Bulk Downloading Data using v3 API using Python

ameya · September 25, 2023, 9:31pm

This page is no longer being updated

For the latest updates and information, please refer to our new Dewey documentation page at docs.deweydata.io

The information for this page can be found on this page:

Bulk API

Here are some examples on how to bulk download a data product using Python.

1. Create API Key

In the system, click Connections → Add Connection to create your API key.

As the message says, please make a copy of your API key and store it somewhere. Also, please hit the Save button before use.

2. Get a product path

Choose your product and Get / Subscribe → Connect to API then you can get API endpoint (product path). Make a copy of it.

3. Call the API

Example 1 - Download first page of files (up to 1000 files)

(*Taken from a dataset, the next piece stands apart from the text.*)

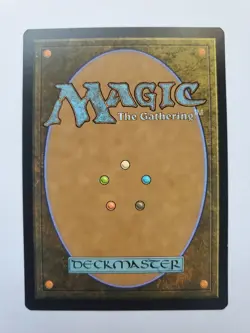 MTG Magic The Gathering Card Fortified Rampart Creature Wall White Battle For Ze - Image 2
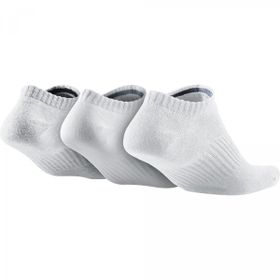 Nike SX4705-101 Lightweight Show Erkek Çorap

# import requests library to call API endpoint
import requests

# set key and API endpoint variables
API_KEY = <key generated by step 1>
PRODUCT_API_PATH = <URL generated by step 2>

# get results from API endpoint, using API key for authentication
results = requests.get(url=PRODUCT_API_PATH,
                       params={'page': 1}, # only getting 1st page of results
                       headers={'X-API-KEY': API_KEY,
                                'accept': 'application/json'
                               })

# loop through download links and save to your computer
for i, link_data in enumerate(results.json()["download_links"]):
    print(f"Downloading file {i}...")
    data = requests.get(link_data["link"])
    open(link_data["file_name"], 'wb').write(data.content)

Example 2 - Download all files

Filtering Parameters:
page: Page number (API will return maximum of 1000 files per page), defaulted to 1.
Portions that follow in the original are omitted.